━━━ PROVIDED DATA

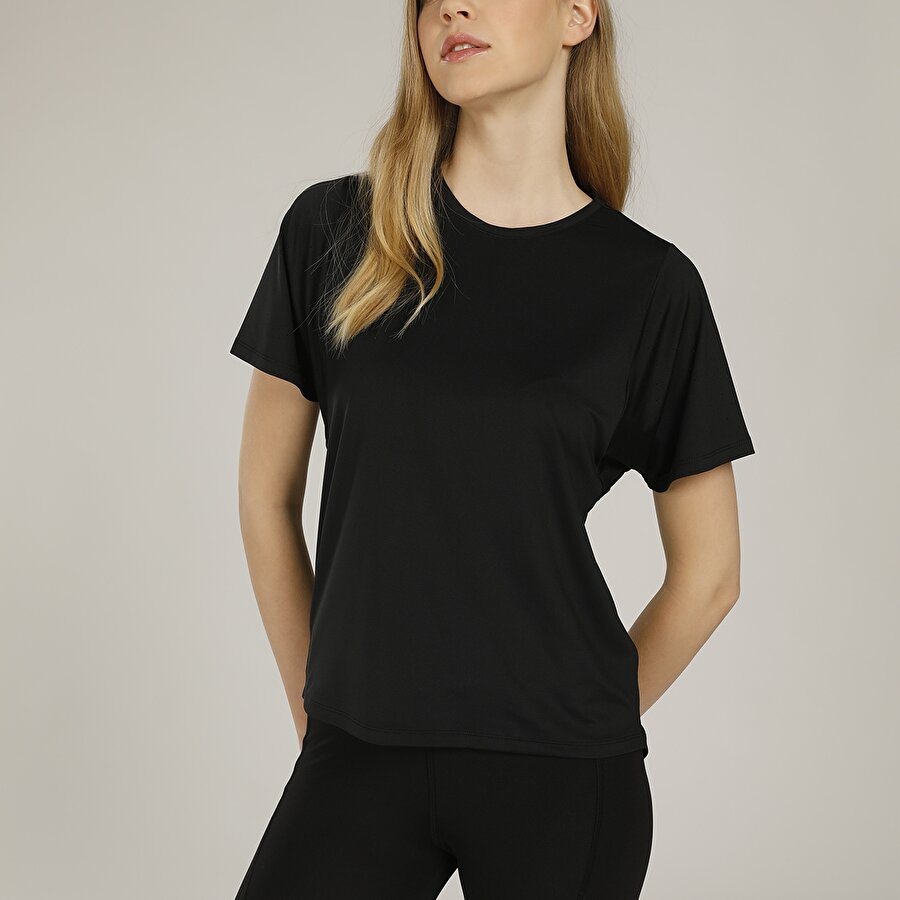 CT409 MILA MESH DETAIL T- Siyah Kadın T-Shirt_0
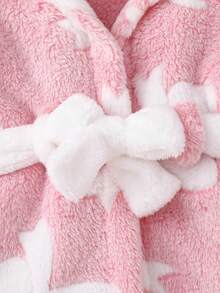 Jubah Mandi/Gaun Tidur Bayi Perempuan Baru Lahir Motif Pita Dua Sisi Bahan Flanel Musim Gugur/Dingin - Baby Pink - View 3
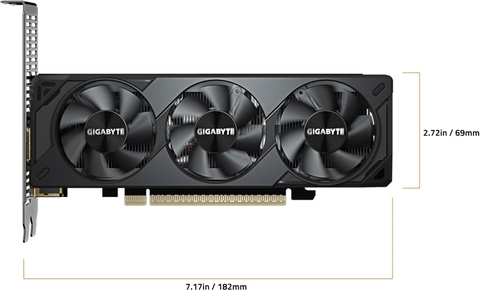 GIGABYTE GeForce RTX 5060 OC Low Profile 8G, 8GB 128-bit GDDR7, PCIe 5.0, hỗ trợ xuất 4 màn, GV-N5060OC-8GL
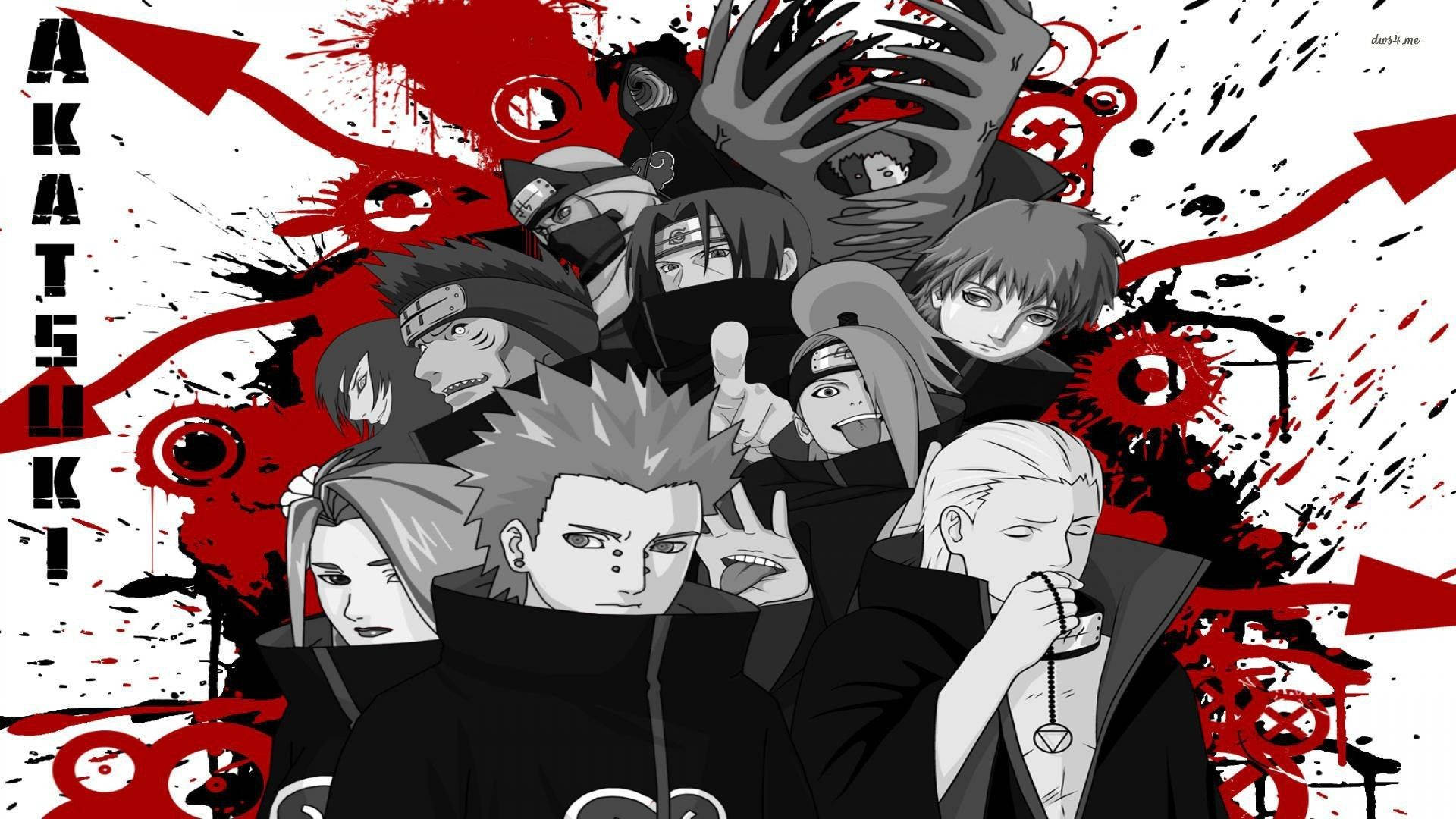 Akatsuki, black cloaks, red and white splatter background, Full HD Desktop Wallpaper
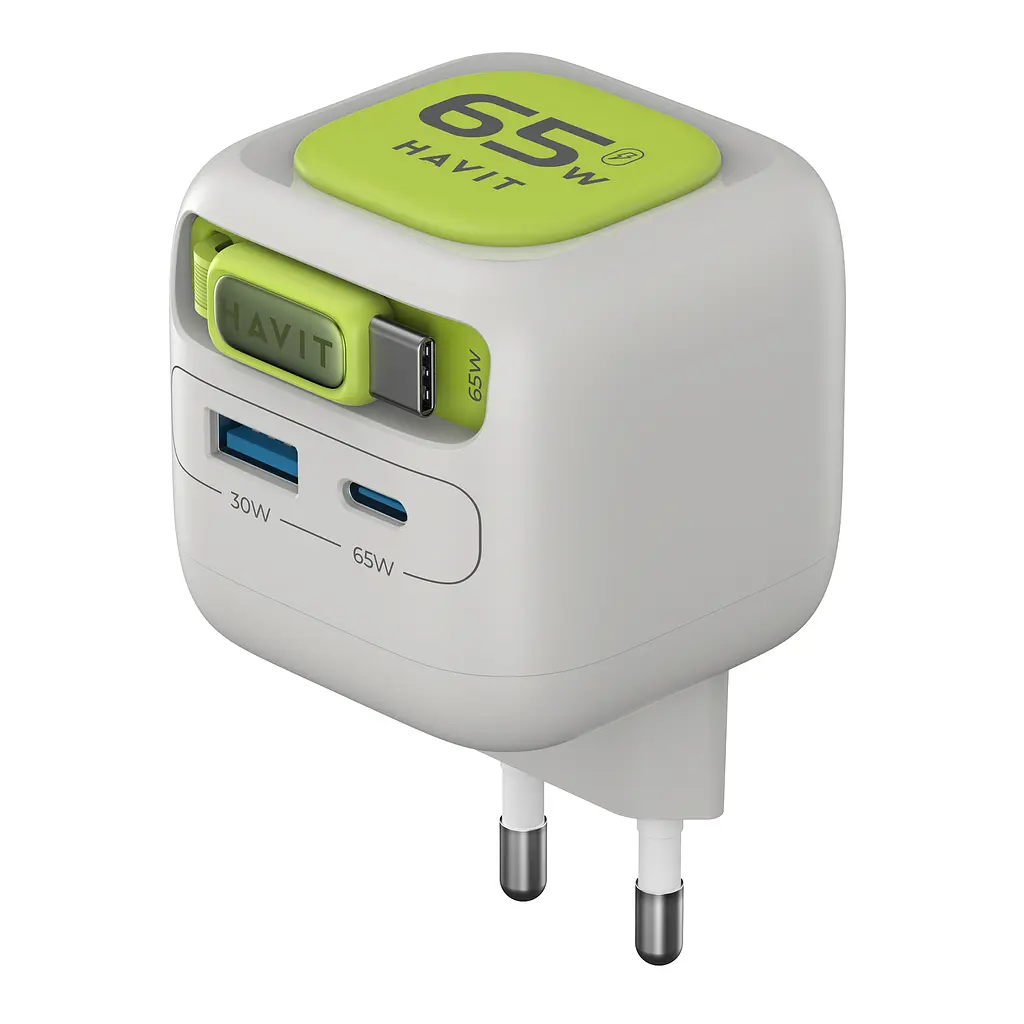 Зарядний пристрій HAVIT UC253 GaN 65W USB-A+USB-C +Кабель USB-C Gray/Green HAVIT (29277-000) - фото 5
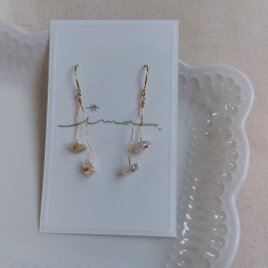 14kgf オレンジカラー淡水パールの春色ナチュラルピアス | iichi 日々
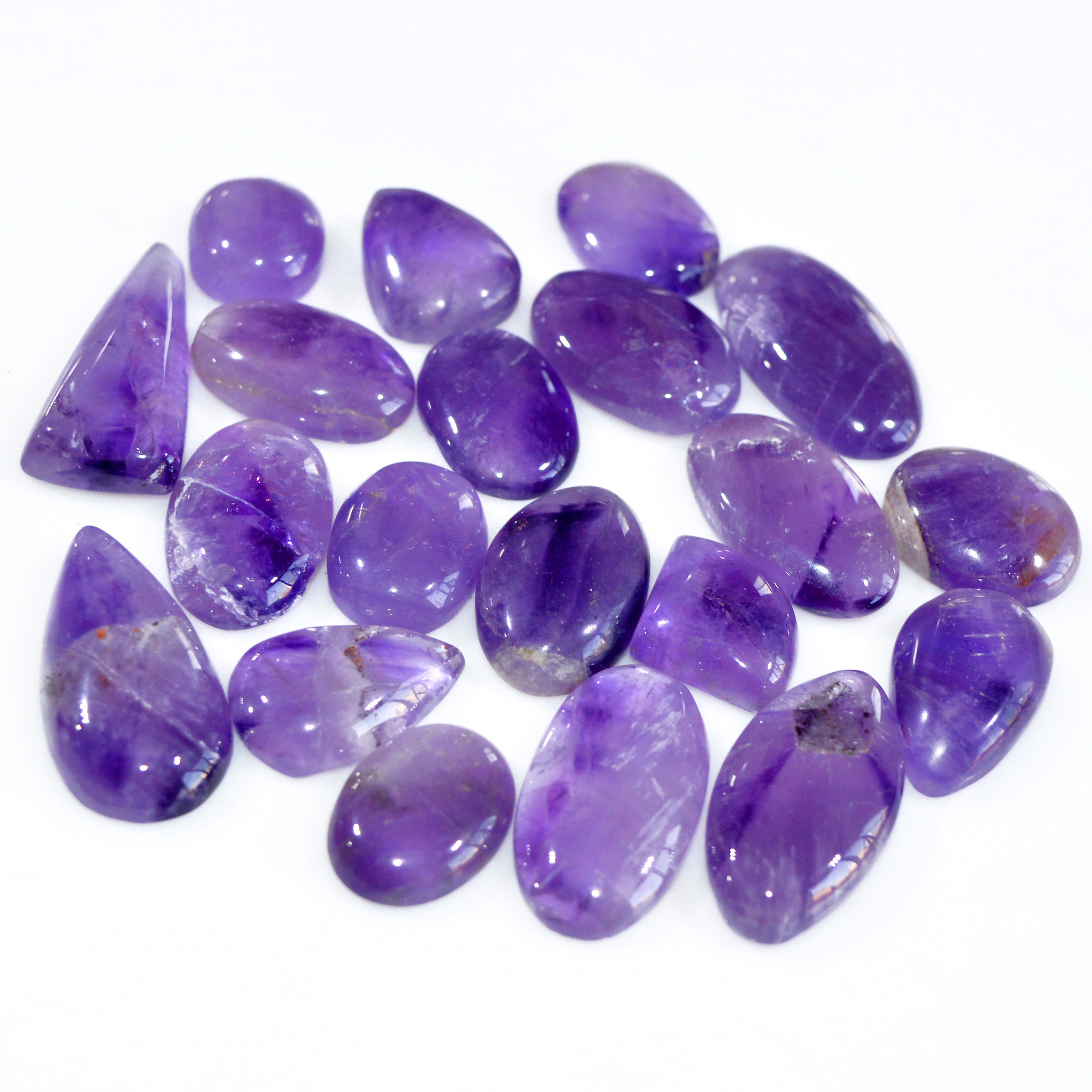 20 Pcs 348 Cts Natural Amethyst Loose Cabochon Gemstone Lot Mixed Shapes For Pendants Handmade Jewelry Supplies 35x15 11x11mm 3119
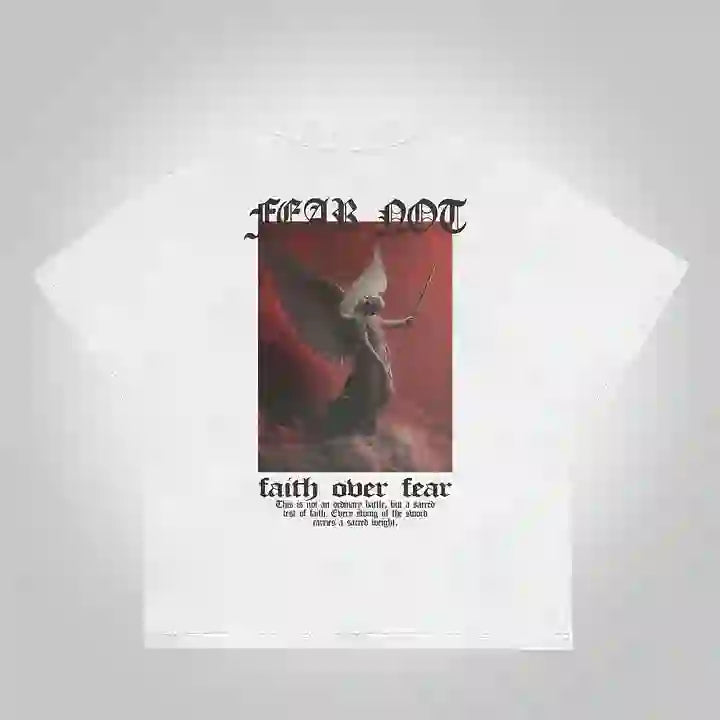 Christianartworkshop Sopula Fear Not-Faith Over Fear Print Graphic Cotton T-Shirt - Weiß - 2XL - image 1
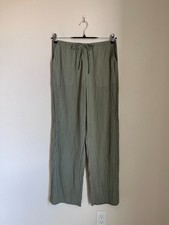 Zara Women's Textured Straight Leg Trousers in Sage Green Size MEDIUM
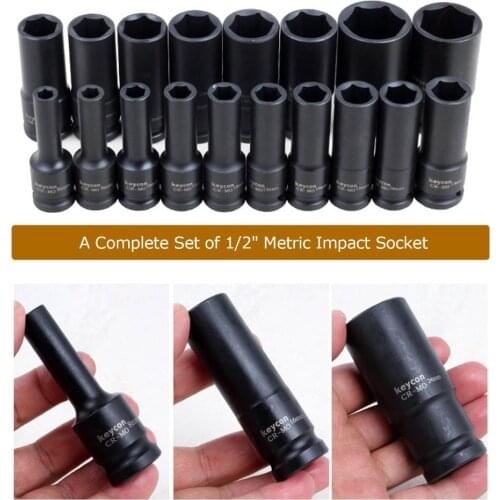 1 Piece 8 - 20 mm Impact Socket 1/2-inch 6 Point Drive Deep Impact Socket 78 mm Length for Electric Impact Air Pneumatic Wrench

━━━━━━

**PROBLEM TO WORK ON**
Find the line that contains "Akatsuki, black cloaks, red", then write out that line and each one after it, exactly and with nothing else, through the end of the entries above, without the pictures.

**EXPECTED ANSWER**
 Akatsuki, black cloaks, red and white splatter background, Full HD Desktop Wallpaper
 Зарядний пристрій HAVIT UC253 GaN 65W USB-A+USB-C +Кабель USB-C Gray/Green HAVIT (29277-000) - фото 5
 14kgf オレンジカラー淡水パールの春色ナチュラルピアス | iichi 日々
 20 Pcs 348 Cts Natural Amethyst Loose Cabochon Gemstone Lot Mixed Shapes For Pendants Handmade Jewelry Supplies 35x15 11x11mm 3119
 Christianartworkshop Sopula Fear Not-Faith Over Fear Print Graphic Cotton T-Shirt - Weiß - 2XL - image 1
 Zara Women's Textured Straight Leg Trousers in Sage Green Size MEDIUM
 1 Piece 8 - 20 mm Impact Socket 1/2-inch 6 Point Drive Deep Impact Socket 78 mm Length for Electric Impact Air Pneumatic Wrench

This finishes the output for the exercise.